*** Opening Data supplied ***

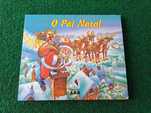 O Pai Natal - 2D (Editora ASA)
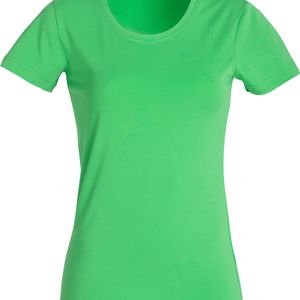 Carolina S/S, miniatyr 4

*** Closing Data supplied ***
*** Opening Data supplied ***

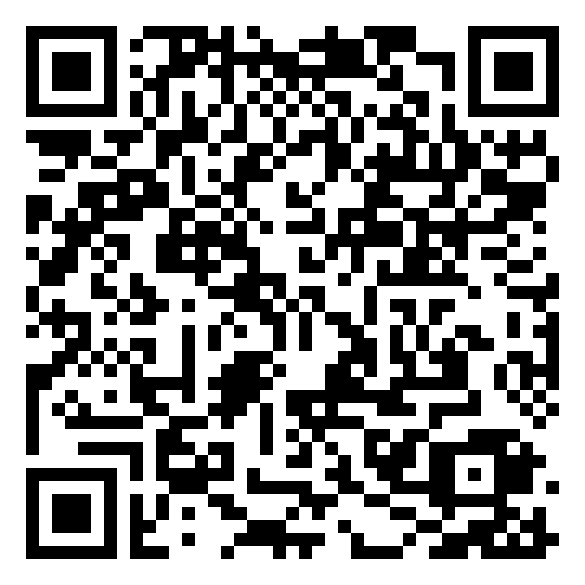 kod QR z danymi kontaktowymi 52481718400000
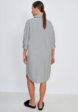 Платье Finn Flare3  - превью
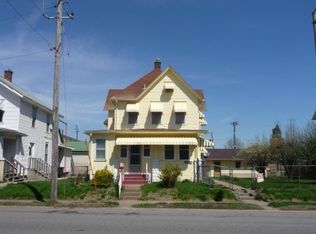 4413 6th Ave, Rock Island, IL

*** Closing Data supplied ***
*** Opening Data supplied ***

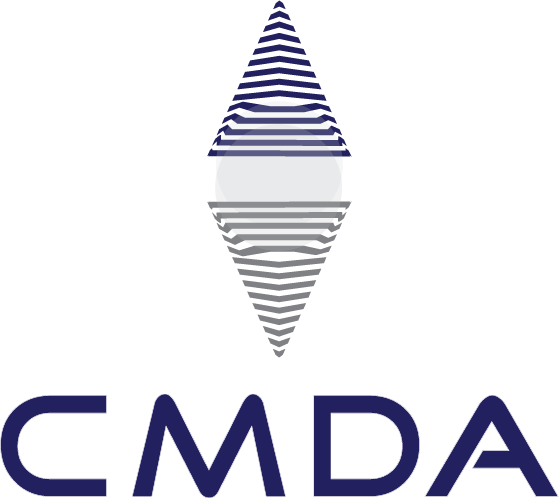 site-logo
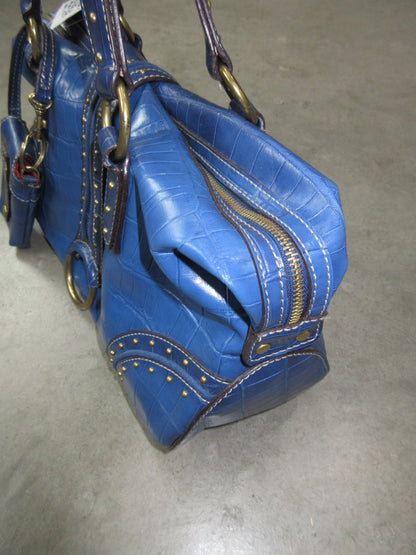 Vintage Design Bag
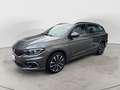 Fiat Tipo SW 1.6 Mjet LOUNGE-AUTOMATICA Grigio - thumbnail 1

*** Closing Data supplied ***

=== Task to complete ===
Copy exactly the lines of the listing above between the one holding "Платье Finn Flare3" and the one holding "4413 6th Ave, Rock Island, IL", inclusive; omit all pictures.

=== Result of this task ===
 Платье Finn Flare3  - превью
 4413 6th Ave, Rock Island, IL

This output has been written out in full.